This time, from OneSTDV:
Why then does Dr. Paul rarely ever speak fondly of American tradition? Because libertarians, given their indiscriminate hatred of the state, refuse to intellectually acknowledge a nation and the attendant cultural trends within them. To libertarians, collective social movements do not exist as such a conception would undermine the notion of the radically autonomous individual. I support the free individual, but the libertarian ignores how individuals comprise society and believe that personal actions manifest in a vacuum. Paul cannot support his political positions by appeal to national heritage because to do so would imply that a national, cohesive unit even exists in the first place. And if a nation and national community exist, then one would presume top-down political policies would at least occasionally be justified, a concession at odds with anti-state libertarianism.
It is becoming readily apparent that One incapable of discussing Ron Paul in a logical manner. The assertion of American/national tradition is assumed but never proven. As has been discussed before, the concept of the nation of America/USA is fiction. The united states are a federation, not a nation. Nowhere in the constitution or in any of the founding fathers’ writings can the concept of a nation be found.

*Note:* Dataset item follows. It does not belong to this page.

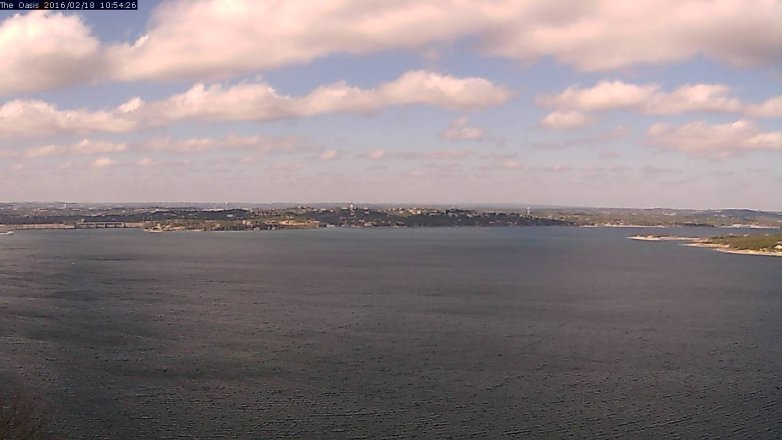 Lake Travis webcam, February 18, 2016 10:00 AM CT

Additionally, the entire idea of a national community is inherently absurd given the geographic size and scope of the united states. There is simply too much regional cultural variance to describe national culture in any but the most vague and inclusive terms, terms that could potentially include the rest of western society.
And also from Karl Denninger:
When it comes to Iran there's a curious problem with Ron Paul's narrative that his supporters simply ignore. Paul says that Iran is just "misunderstood" and doesn't really want to wipe Israel off the map. Ok, let's assume I accept that "bad translations" are responsible for that "misunderstanding." What am I supposed to make of their repeated, vehement, and "in English" denial of the Holocaust? That's much harder to argue over, isn't it?

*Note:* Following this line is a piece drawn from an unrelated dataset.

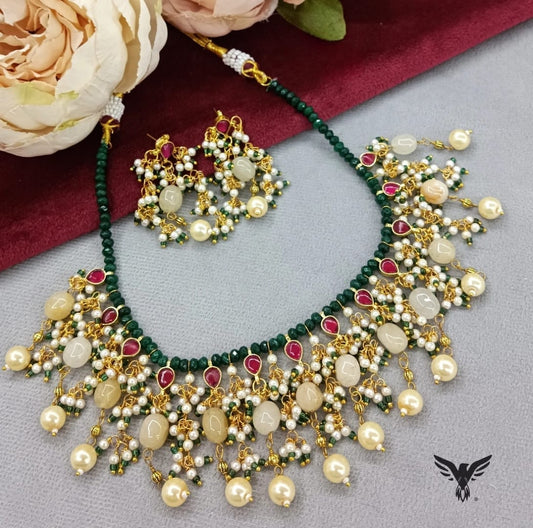 Vaani Paachi  necklace with Earrings In Ruby with pearls  For Women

Let me get this straight: we should go to war with Iran because some Iranians deny the holocaust? Also, why should we be concerned about Israel? Can’t they take care of themselves?
Furthermore, as Pat Buchanan asked:
If Iran is an "existential threat" to Israel and intends to use a bomb it is now building on Israel, why have the Israelis, with 200 to 300 nuclear weapons, who have bombed both Iraqi and Syrian nuclear sites, not removed that "existential threat" themselves?
Frankly, this whole issue over Iran seems quite similar to the run up to the Iraq war. There are threats aplenty of a vague, but near-total disaster, accompanied by rather tenuous proof. If the united states does end up going to war, it would not be particularly shocking to learn that Iran had neither the intention or ability to develop nuclear weapons after all.